Refleksi Diri 6



Berkat Dibalik Musibah

“Tetapi jawab Tuhan kepadaku: “Cukuplah kasih karunia-Ku bagimu, sebab justru dalam kelemahanlah kuasa-Ku menjadi sempurna.” Sebab itu terlebih suka aku bermegah atas kelemahanku, supaya kuasa Kristus turun menaungi aku.” (2 Kor. 12:9)

Indonesia menangis. Dua kalimat itu mungkin yang paling tepat untuk menggambarkan situasi dan kondisi kita saat ini. Bencana alam datang silih berganti. Tsunami, gempa, semburan lumpur, banjir datang tanpa diundang. Sakit penyakit seperti AIDS, cikungunya, demam berdarah, flu burung terus menerus meneror kita. Kecelakaan transportasi baik darat, laut maupun udara tanpa kenal lelah menghantui kita. Mengapa penderitaan menjadi langganan kita? Apa yang bisa kita lakukan?

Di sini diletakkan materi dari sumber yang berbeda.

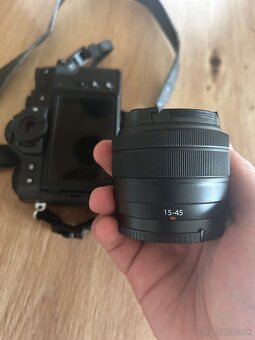 Fujifilm xt 30 - 3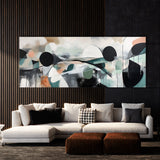 Mid Century Abstract 56 Wall Art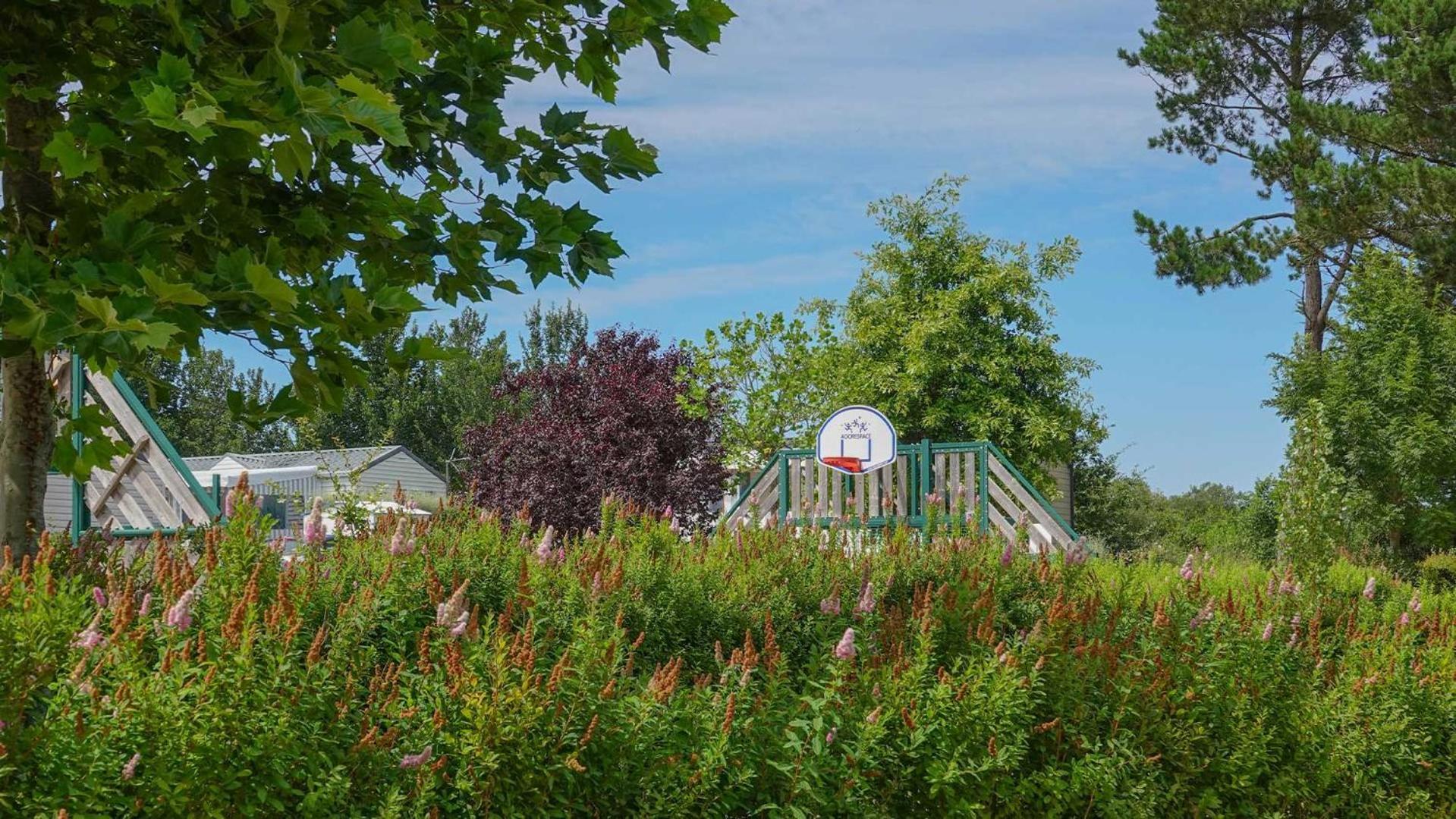 Camping Le Dolmen, Carnac, Morbihan 외부 사진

Jawaban atas pertanyaan itu justru saya dapatkan dari beberapa buku yang memiliki judul yang kontroversial. Semua buku itu dimulai dengan pertanyaan yang sering kita tanyakan. Why A Good God Allow Suffering (Mengapa Allah yang Baik Mengizinkan Penderitaan); Where is God When It Hurts (Di Manakah Tuhan ketika Kita Menderita); bahkan When God Doesn’t Make Sense (Ketika Tuhan Tidak Masuk Akal).

Dari buku-buku itu saya belajar tentang The Gift of Pain alias berkah di balik musibah. Pertama, Tuhan mengizinkan penderitaan untuk menyadarkan kita bahwa kita adalah makhluk yang terbatas. Banyak hal yang sulit kita pahami. Otak kita tidak mampu memahami setiap fenomena alam yang terjadi. Itulah sebabnya kita harus bergantung harap kepada Tuhan.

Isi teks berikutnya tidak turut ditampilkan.